#### Work instruction:
Could you retype, exactly and with no pictures, only the lines from the first line of the records below through the line that contains "The general rule, ever"?
*** Opening Data for analysis ***
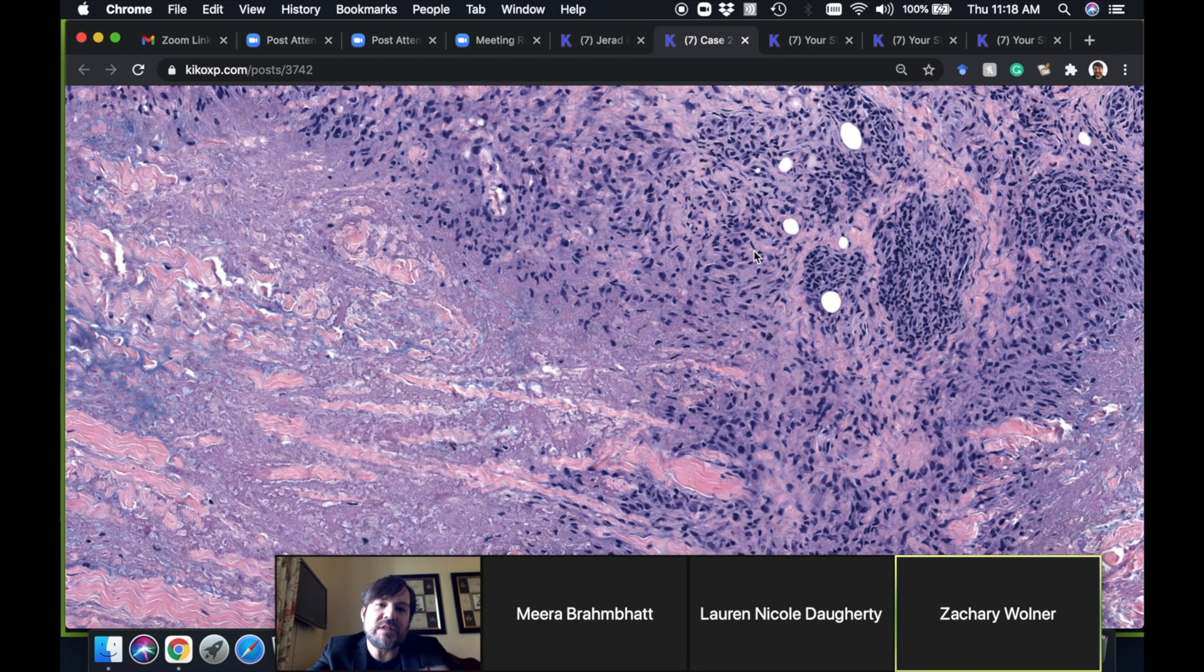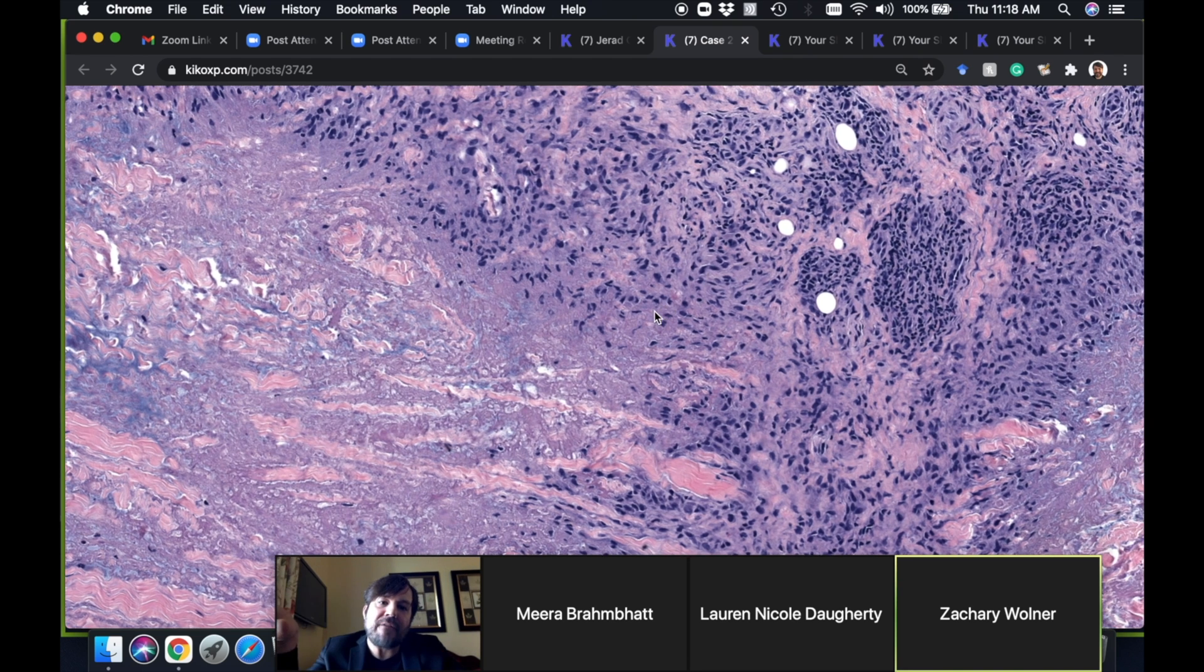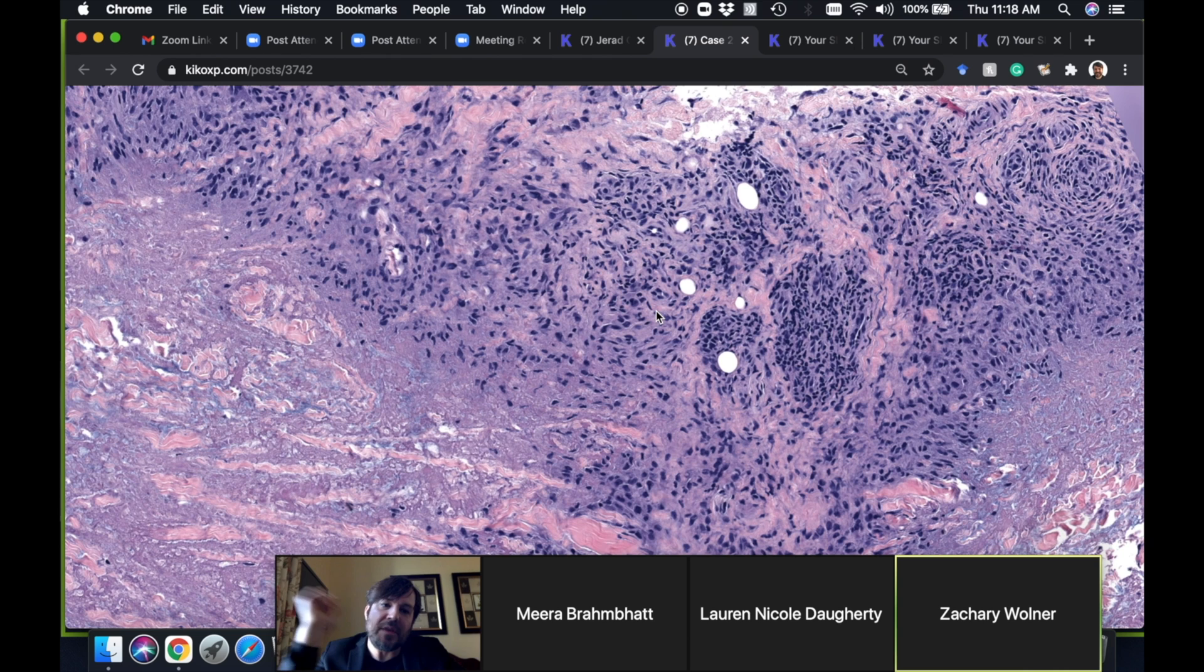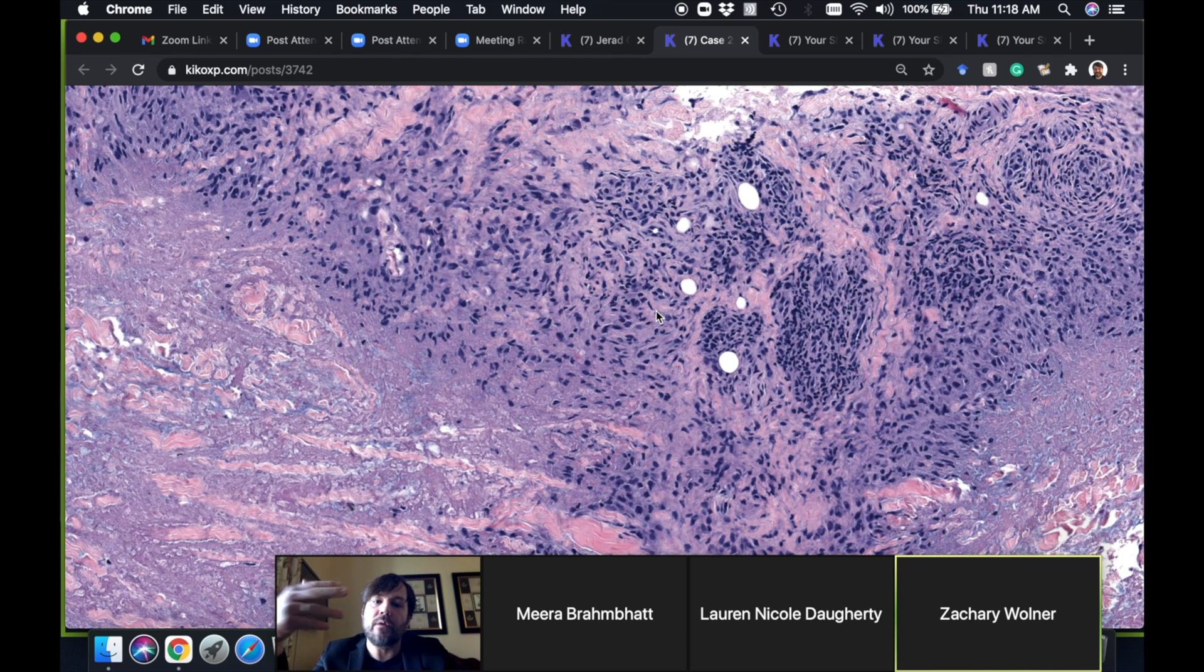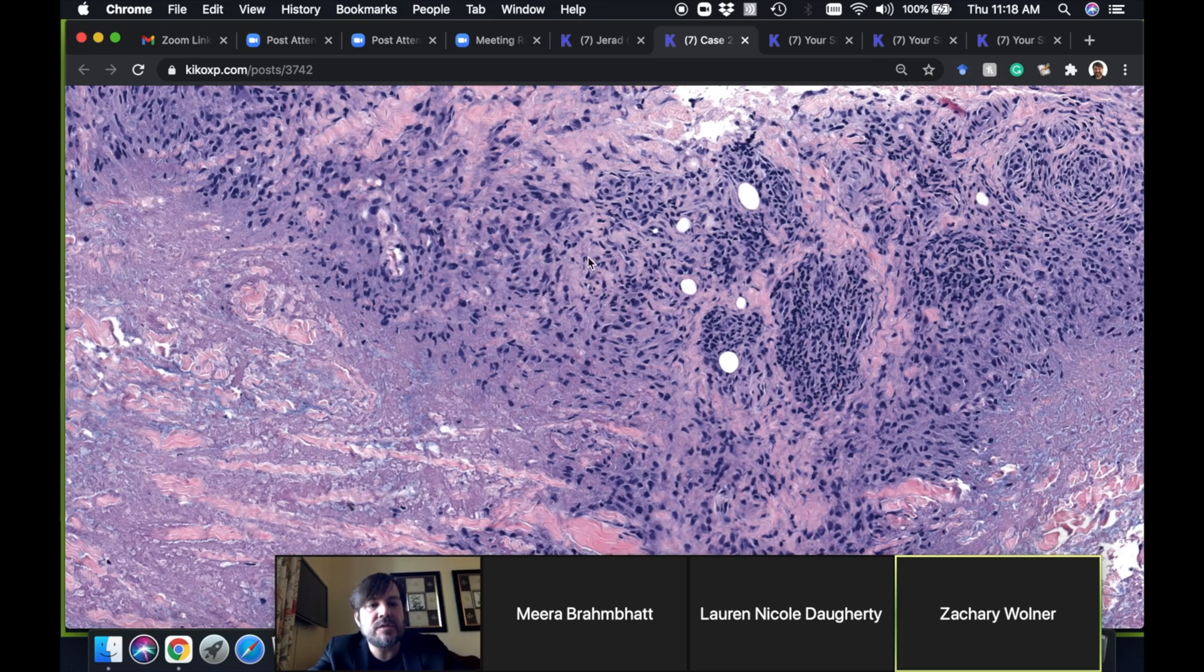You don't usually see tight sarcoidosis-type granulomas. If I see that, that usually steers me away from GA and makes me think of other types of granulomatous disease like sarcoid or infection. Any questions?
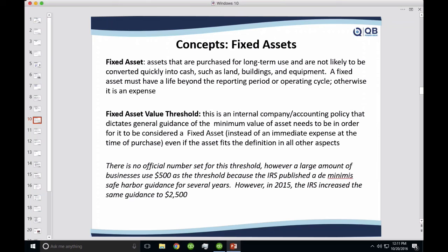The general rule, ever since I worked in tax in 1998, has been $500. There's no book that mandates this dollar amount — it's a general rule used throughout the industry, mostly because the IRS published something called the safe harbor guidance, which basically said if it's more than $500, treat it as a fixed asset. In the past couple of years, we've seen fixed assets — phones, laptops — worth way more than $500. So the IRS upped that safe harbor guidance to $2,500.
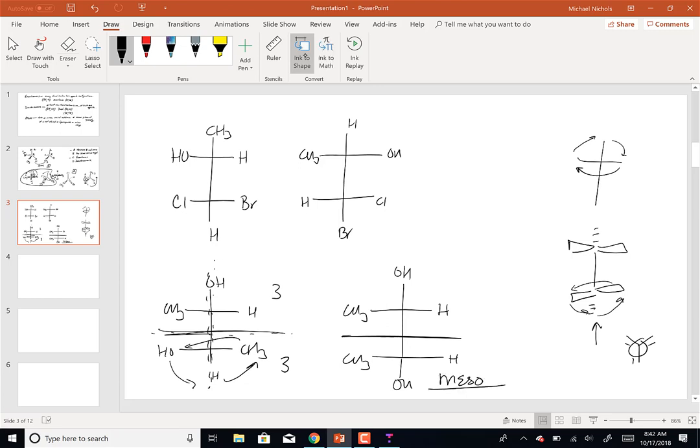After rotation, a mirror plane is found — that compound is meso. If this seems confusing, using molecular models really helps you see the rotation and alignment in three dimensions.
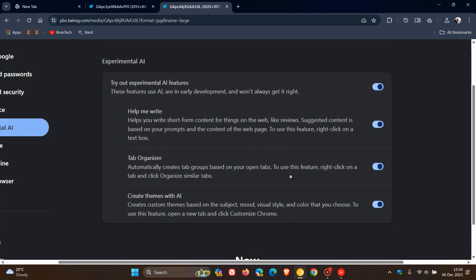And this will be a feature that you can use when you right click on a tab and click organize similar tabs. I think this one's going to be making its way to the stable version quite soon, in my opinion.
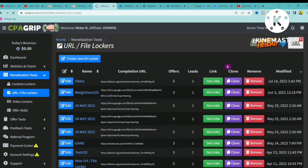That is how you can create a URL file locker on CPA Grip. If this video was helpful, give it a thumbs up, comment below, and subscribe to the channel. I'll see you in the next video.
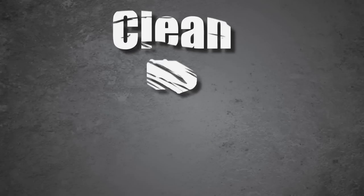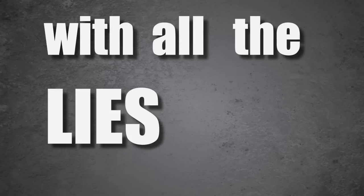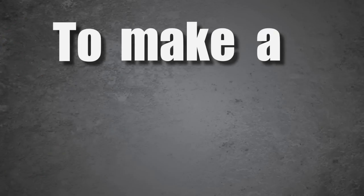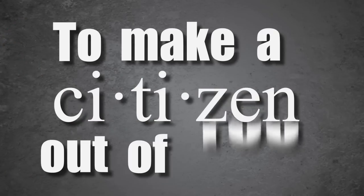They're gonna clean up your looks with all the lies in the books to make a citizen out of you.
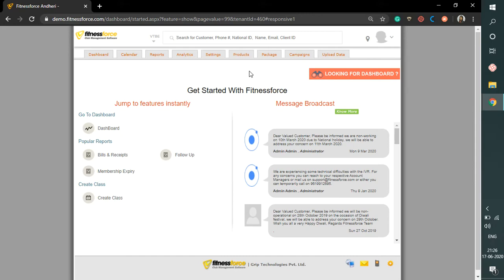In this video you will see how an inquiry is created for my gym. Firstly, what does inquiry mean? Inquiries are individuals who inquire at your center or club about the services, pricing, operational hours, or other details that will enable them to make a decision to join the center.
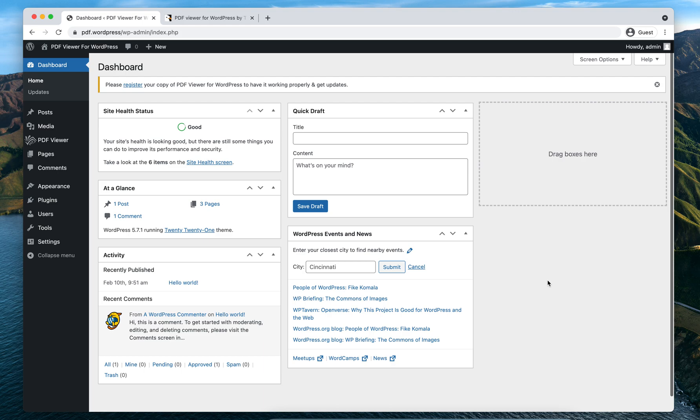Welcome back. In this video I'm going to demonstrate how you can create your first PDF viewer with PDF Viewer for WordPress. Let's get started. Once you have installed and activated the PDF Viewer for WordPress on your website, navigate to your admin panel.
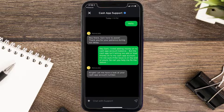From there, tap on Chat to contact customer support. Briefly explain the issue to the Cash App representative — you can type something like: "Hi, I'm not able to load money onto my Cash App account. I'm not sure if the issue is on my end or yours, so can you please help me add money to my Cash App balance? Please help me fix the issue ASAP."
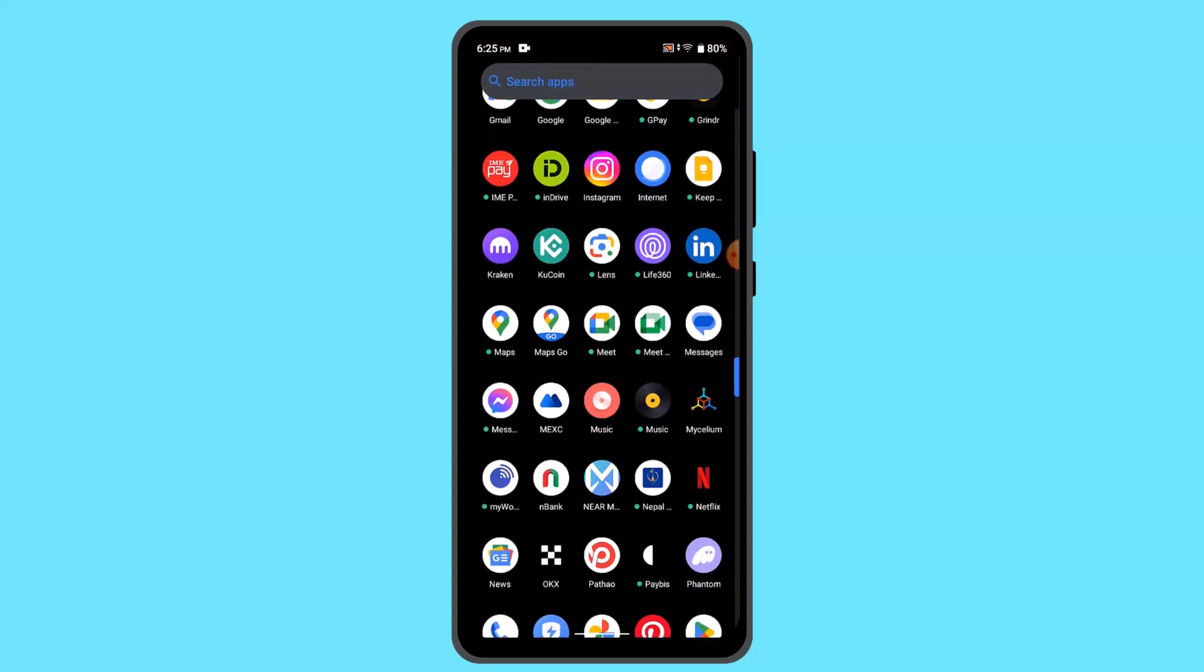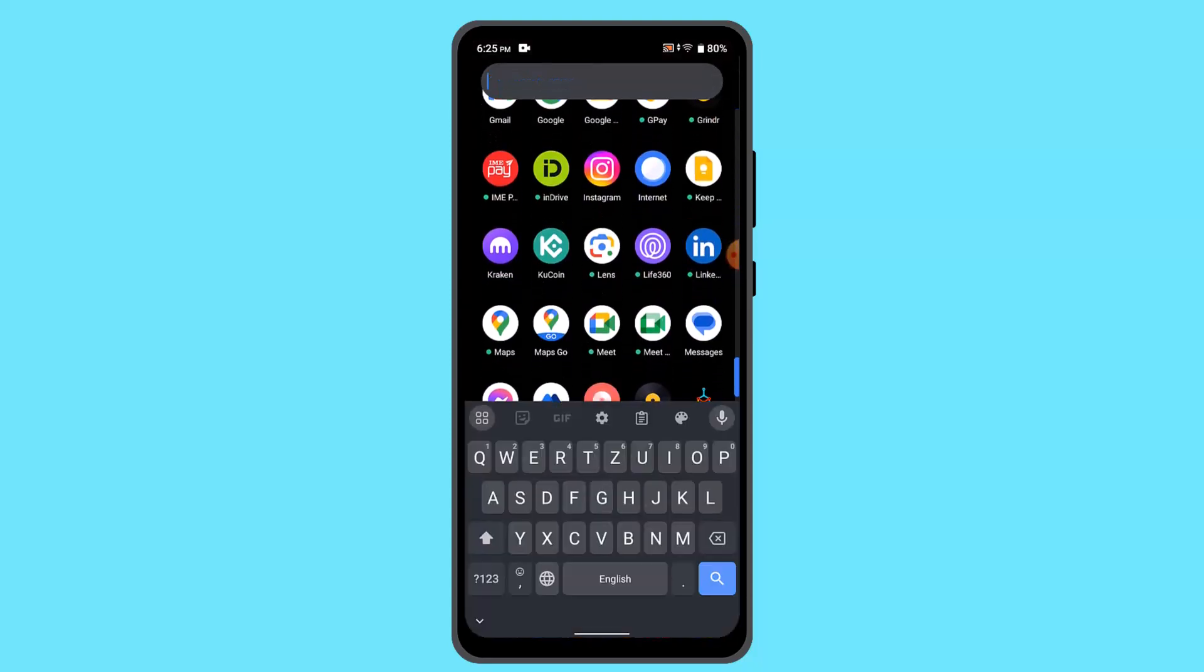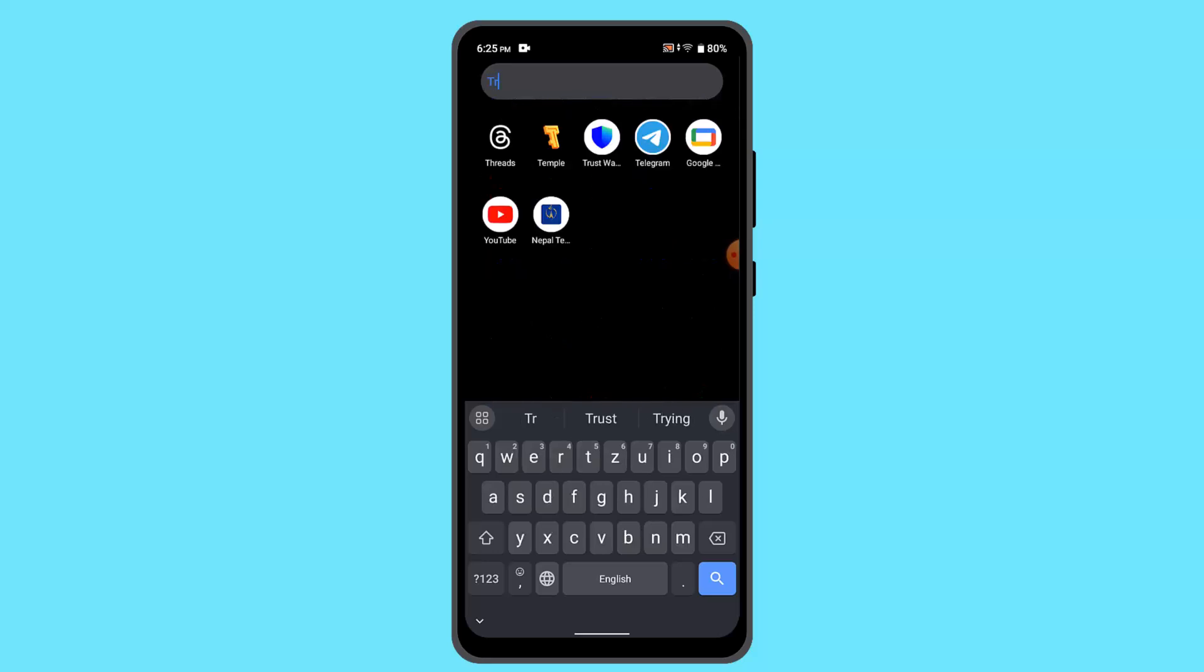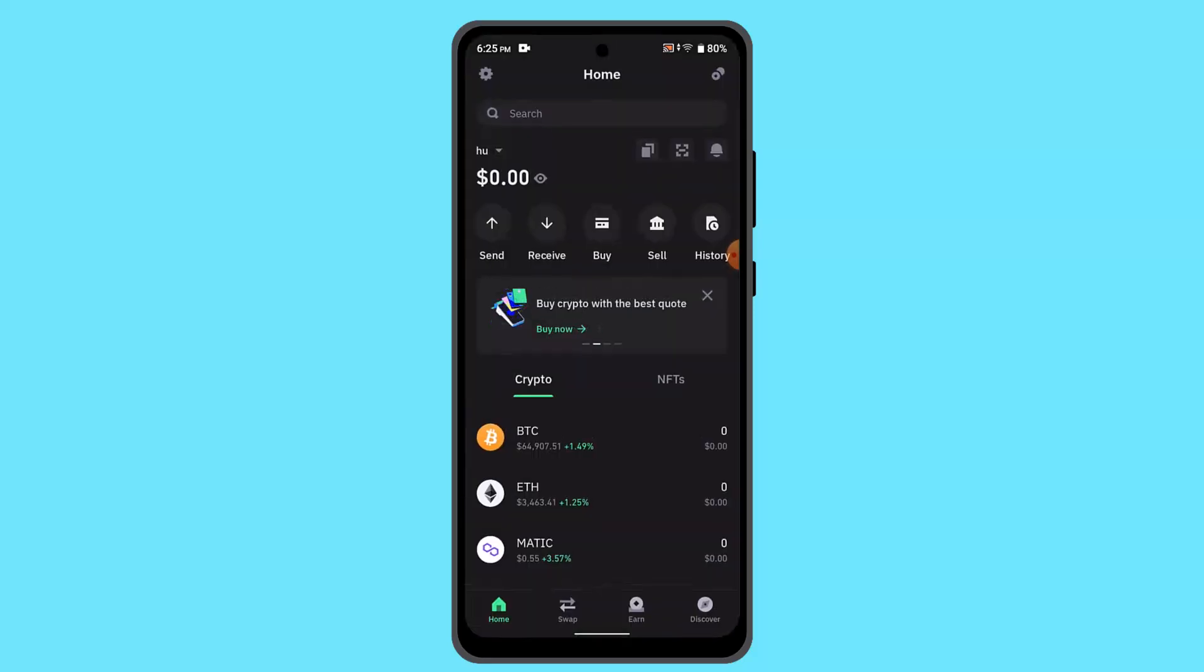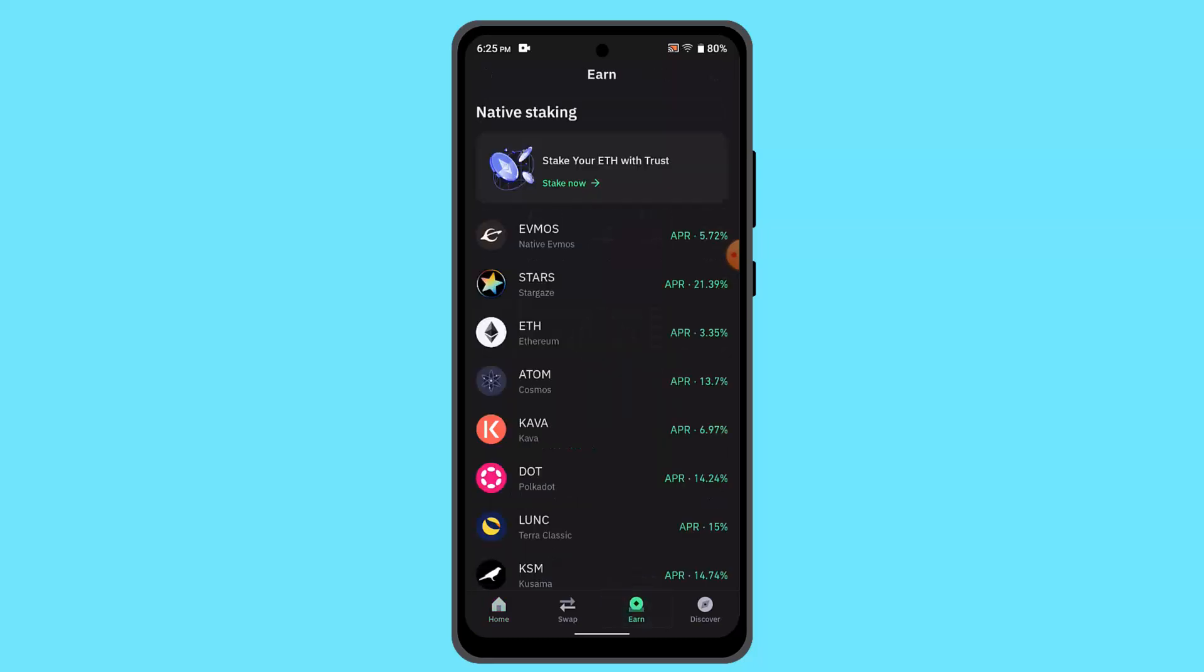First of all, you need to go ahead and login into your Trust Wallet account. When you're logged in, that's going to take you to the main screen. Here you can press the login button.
*** Closing Data for analysis ***
#### Reply:
You don't usually see tight sarcoidosis-type granulomas. If I see that, that usually steers me away from GA and makes me think of other types of granulomatous disease like sarcoid or infection. Any questions?
The general rule, ever since I worked in tax in 1998, has been $500. There's no book that mandates this dollar amount — it's a general rule used throughout the industry, mostly because the IRS published something called the safe harbor guidance, which basically said if it's more than $500, treat it as a fixed asset. In the past couple of years, we've seen fixed assets — phones, laptops — worth way more than $500. So the IRS upped that safe harbor guidance to $2,500.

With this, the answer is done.